**Action item:** Print all entries precisely as they are written.

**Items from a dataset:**
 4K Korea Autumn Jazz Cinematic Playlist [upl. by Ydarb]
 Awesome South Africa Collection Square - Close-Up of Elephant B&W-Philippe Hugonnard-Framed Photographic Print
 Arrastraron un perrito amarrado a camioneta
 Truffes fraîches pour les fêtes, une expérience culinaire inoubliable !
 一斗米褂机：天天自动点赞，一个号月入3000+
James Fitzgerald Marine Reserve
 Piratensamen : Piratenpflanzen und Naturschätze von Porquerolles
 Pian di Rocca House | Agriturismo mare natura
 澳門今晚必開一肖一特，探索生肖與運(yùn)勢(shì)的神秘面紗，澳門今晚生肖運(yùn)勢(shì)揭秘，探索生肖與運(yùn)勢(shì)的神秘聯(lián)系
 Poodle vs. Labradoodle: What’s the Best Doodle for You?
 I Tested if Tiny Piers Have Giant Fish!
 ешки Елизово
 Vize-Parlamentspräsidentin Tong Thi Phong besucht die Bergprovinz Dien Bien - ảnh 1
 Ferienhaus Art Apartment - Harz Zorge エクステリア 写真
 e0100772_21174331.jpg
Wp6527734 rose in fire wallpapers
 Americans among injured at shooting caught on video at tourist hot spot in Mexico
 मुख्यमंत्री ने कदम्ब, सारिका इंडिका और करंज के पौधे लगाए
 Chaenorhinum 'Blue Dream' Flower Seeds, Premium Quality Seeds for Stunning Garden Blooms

**Result of the task:**
 4K Korea Autumn Jazz Cinematic Playlist [upl. by Ydarb]
 Awesome South Africa Collection Square - Close-Up of Elephant B&W-Philippe Hugonnard-Framed Photographic Print
 Arrastraron un perrito amarrado a camioneta
 Truffes fraîches pour les fêtes, une expérience culinaire inoubliable !
 一斗米褂机：天天自动点赞，一个号月入3000+
James Fitzgerald Marine Reserve
 Piratensamen : Piratenpflanzen und Naturschätze von Porquerolles
 Pian di Rocca House | Agriturismo mare natura
 澳門今晚必開一肖一特，探索生肖與運(yùn)勢(shì)的神秘面紗，澳門今晚生肖運(yùn)勢(shì)揭秘，探索生肖與運(yùn)勢(shì)的神秘聯(lián)系
 Poodle vs. Labradoodle: What’s the Best Doodle for You?
 I Tested if Tiny Piers Have Giant Fish!
 ешки Елизово
 Vize-Parlamentspräsidentin Tong Thi Phong besucht die Bergprovinz Dien Bien - ảnh 1
 Ferienhaus Art Apartment - Harz Zorge エクステリア 写真
 e0100772_21174331.jpg
Wp6527734 rose in fire wallpapers
 Americans among injured at shooting caught on video at tourist hot spot in Mexico
 मुख्यमंत्री ने कदम्ब, सारिका इंडिका और करंज के पौधे लगाए
 Chaenorhinum 'Blue Dream' Flower Seeds, Premium Quality Seeds for Stunning Garden Blooms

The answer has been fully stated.